Сидни Рейли пытался убежать от банальности собственной жизни, в которой его таланты использовались для поддержки империализма. Ему платили деньгами и женщинами. К тому времени, как он вернулся в Россию, я уже почувствовал, что он может быть мне полезен. Казалось вполне вероятным, что, основываясь на его революционных склонностях, я смогу завоевать его для нашего дела.
2
— Товарищ Сталин, — сказал мне Владимир Ильич одним хмурым летним утром, — расскажите-ка мне, кто замышляет против нас заговоры на этой неделе?

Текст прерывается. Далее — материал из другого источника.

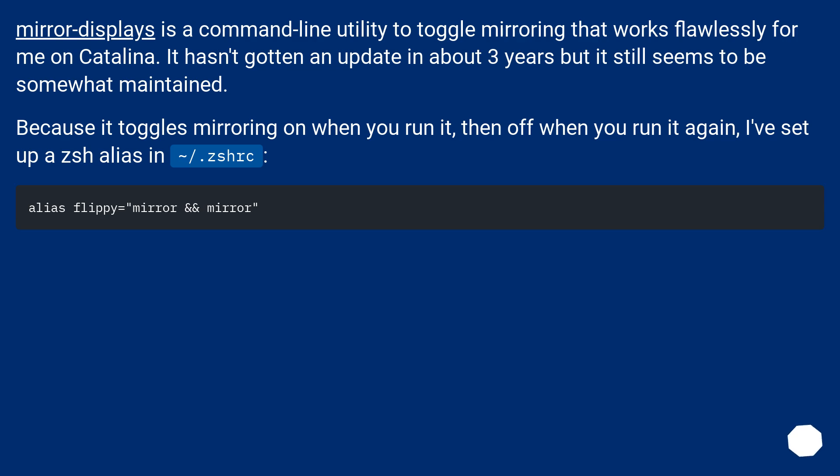Mirror displays is a command line utility to toggle mirroring that works flawlessly for me on Catalina. It hasn't gotten an update in about 3 years but still seems to be somewhat maintained. Because it toggles mirroring on when you run it, then off when you run it again, I set up a zsh alias in tilde slash dot zshrc.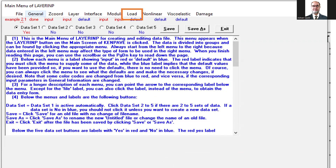Then you have to input the load. When you press Load, this window will open. We select 0 for single axle with single tire, and 1 for single axle with two tires. Since we have two tires, we press 1. The contact radius is 5 inches, as the diameter was 10 inches. The contact pressure Q is 50 psi. The spacing between the tires is YW = 20 inches. Since it's a single axle, XW is zero.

Он сидел в центре большого красного дивана, под голым местом на стене, где раньше висел большой царский портрет, и, утопая в пыльных подушках, казался очень маленьким.
— Только те, о ком я рассказывал вам на прошлой неделе. Ни одному из них недостает практичности, чтобы добиться успеха.
Он какое-то время пристально смотрел на меня, будто насквозь, но я знал, что он просто устал. Через мгновение он закрыл глаза и задремал. Я гадал, сможет ли его буржуазное сознание примириться с мерами, которые ему скоро придется принять, чтобы удержать власть? Мне казалось, что он засунул меня в Центральный комитет большевиков, чтобы я делал то, на что у него не хватает духу. Слишком много оппортунистов были готовы занять наше место, если мы споткнемся. Отличить врага от союзника не представлялось возможным: любой мог повернуть против нас.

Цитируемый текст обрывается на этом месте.